Despite 50 percent more EUs from Gen 11 graphics and reaching 96 EUs and 1536 flops per clock, the GPU die size didn’t dramatically change. Without getting to any specific numbers, David confirmed that the GPU ended up being not a lot bigger.
New architecture, new transistor, and higher clocks
The GPU design team has to increase efficiency and rewrite everything on the hardware and software size, as this is a brand new design for Intel and foundation for higher performance integrated parts in the future.
The magic mix is to increase performance per square millimeter, performance per watt, and performance per flop simultaneously. The main goal was to get twice the performance of Ice lake Gen 11, which David described as a pretty daunting task.
Intel came from the ground up with a new architecture called Xe LP. The Intel design team had to work closely with the manufacturing teams in order to make this design possible.
Xe LP 96 EUs
David describes Xe Lp as a GPU with 96 Execution units and 1536 flops per clock, up to 48 bilinear texels per clock through six samples and up to 24 pixels per clock through the pixel pipes.

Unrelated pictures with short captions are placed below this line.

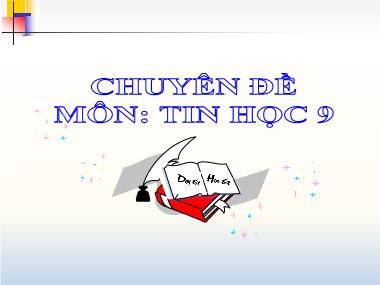 Bài giảng Tin Học Lớp 9 - Chủ đề 4: Đa Phương Tiện - Bài 12: Thông tin đa phương tiện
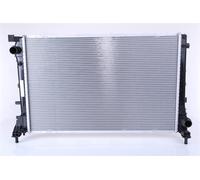 Nissens Engine Coolant Radiator 617863 for eg. ABARTH 500 (2008) 1.4 -/ESSEESSE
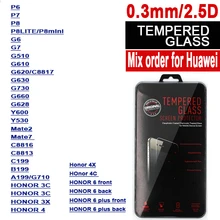 400 шт для huawei P-Smart Z/P30 lite/mate 20/P20 lite /P20 pro/mate 20/honor 8X/9X/Play Закаленное стекло протектор экрана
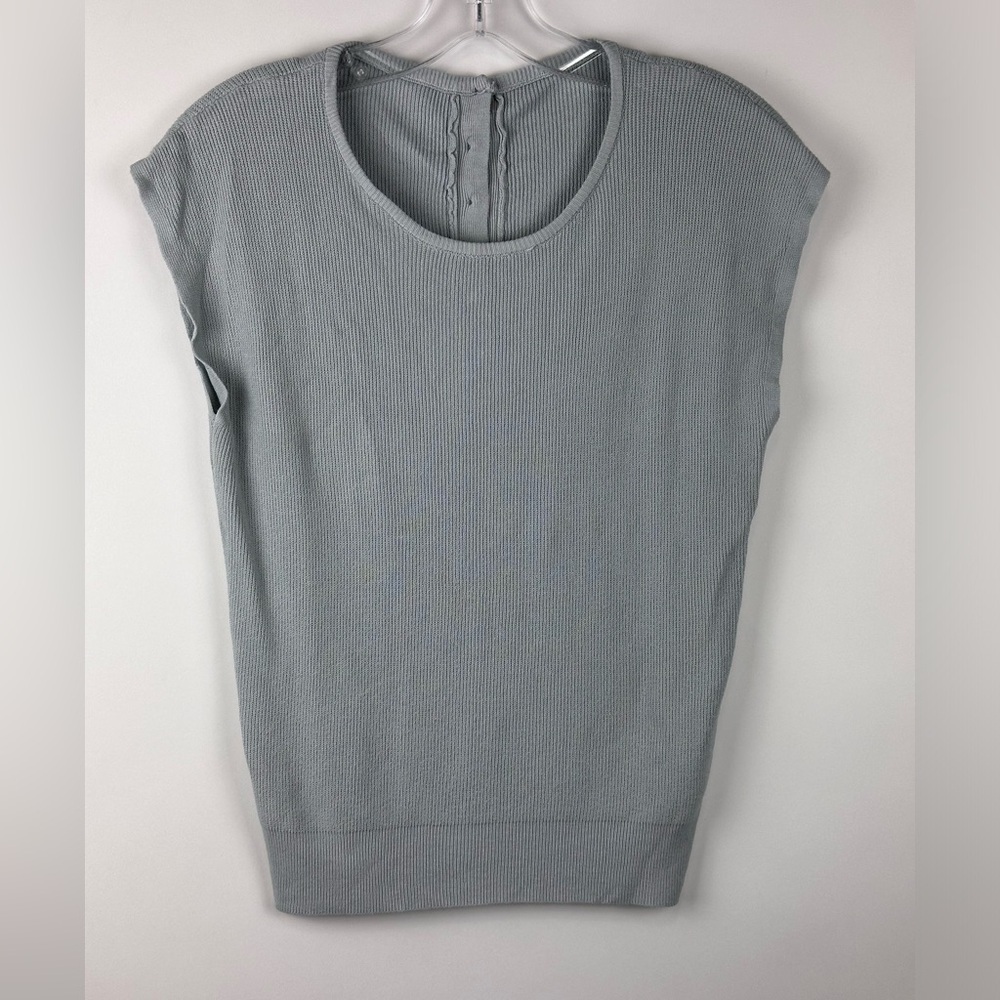 Women's Ribbed Casual Sleeveless Top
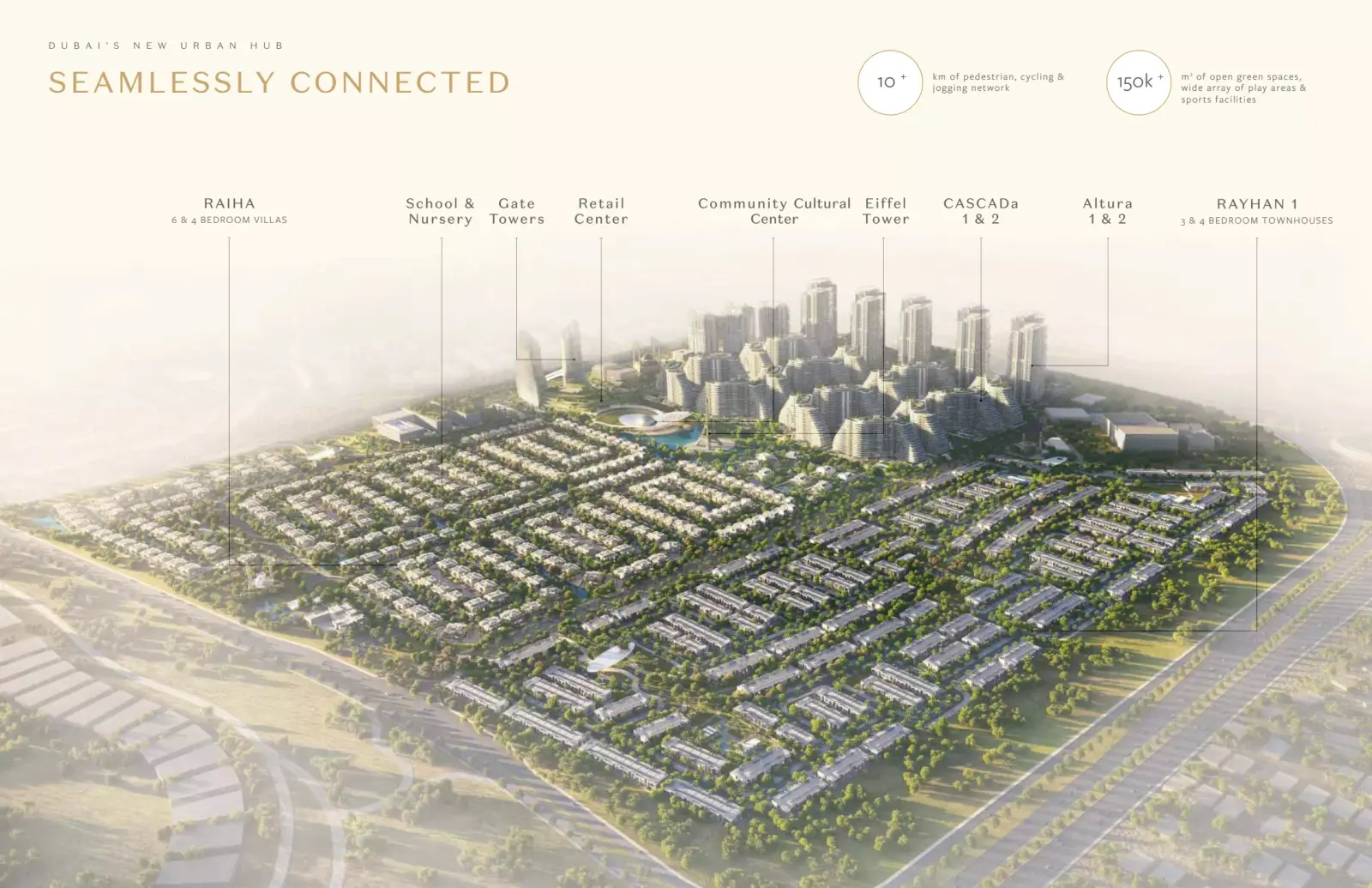 Altura masterplan, Dubai South (Dubai World Central)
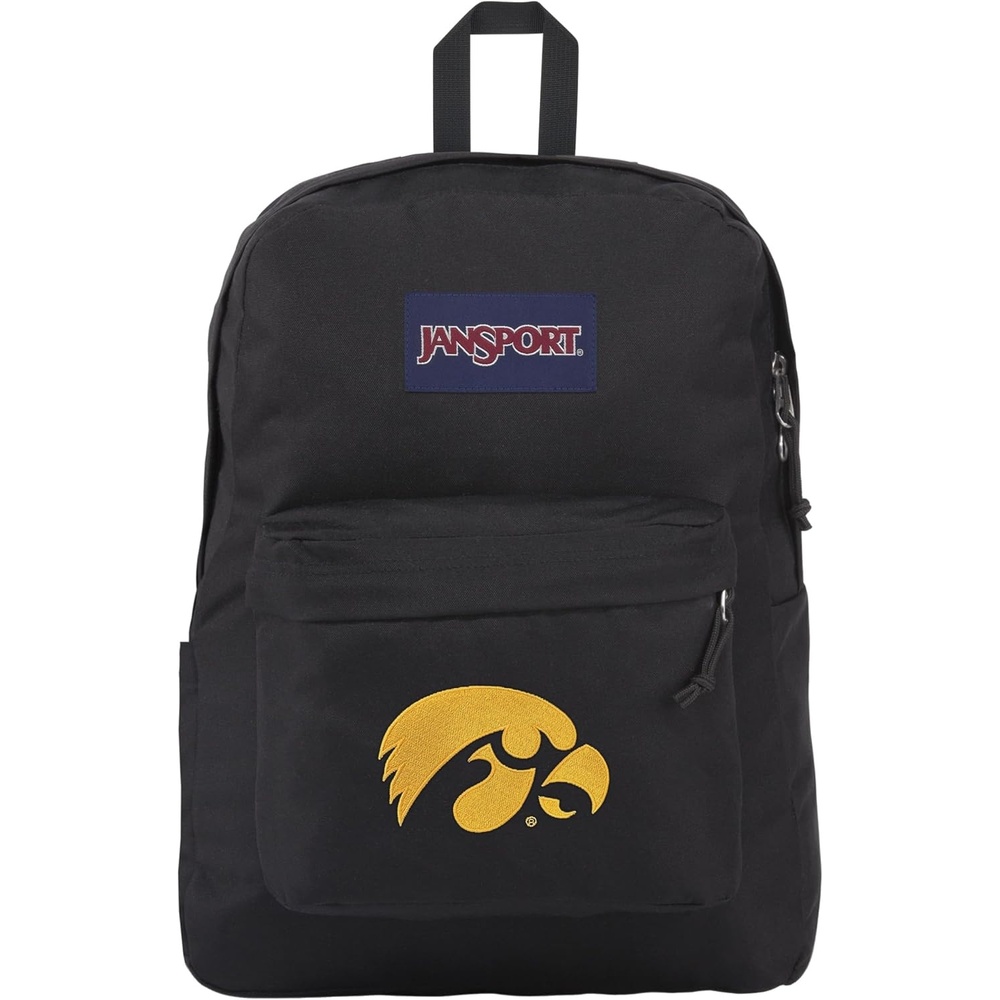 image:imageJanSport NCAA Officially Licensed Backpack South Carolina Superbreak Plus with Padded 15 Laptop Sleeve Spacious Computer Bag for Men amp Women Durable Daypack with Bottle Pocket Graphite GreyIowa Hawkeyes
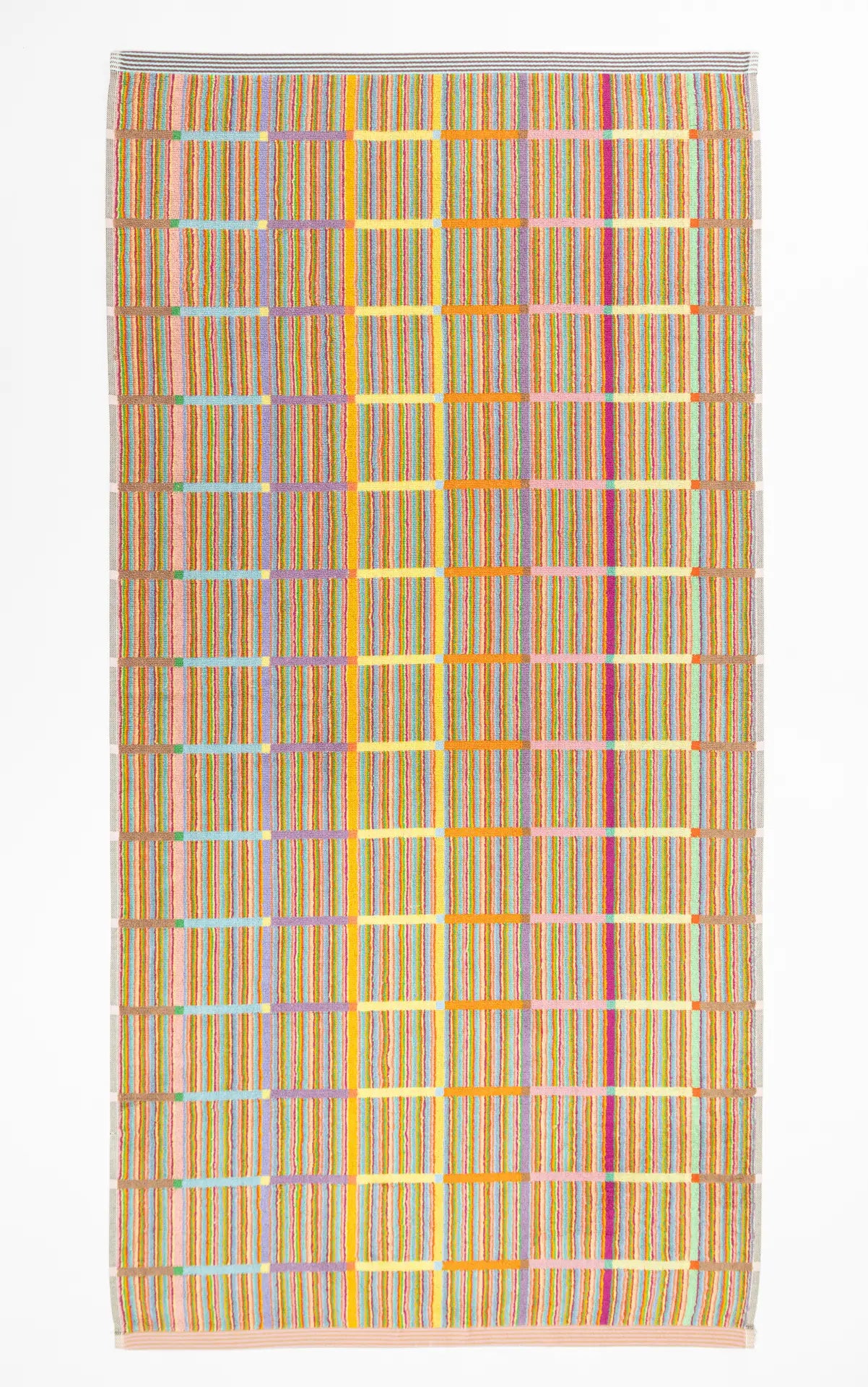 Bath Towel Criss Cross Foekje Fleur - #68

Increasing the number of Execution units from the previous Gen 11 GPU designs by 1.5 was an optimal goal to reach a 2X performance. The mix of the new transistor and new architecture helped in achieving a 2X performance goal set by design.
David also mentioned that the mix of higher GPU clock, new transistors, and the new architecture design helped to keep the TDP and GPU size at the same level, still getting a significantly faster performance.
One of the slides implicates that the new GPU might run faster than 1.7GHz, much faster than Gen 11’s 1.1 GHz maximal clock speed. David describes advantages in frequency uplift at ISO voltage, greater dynamic range, re-pipelining the GPU, as well as the bottleneck workload analysis as the extra tools that helped Intel get to the 2X performance increase.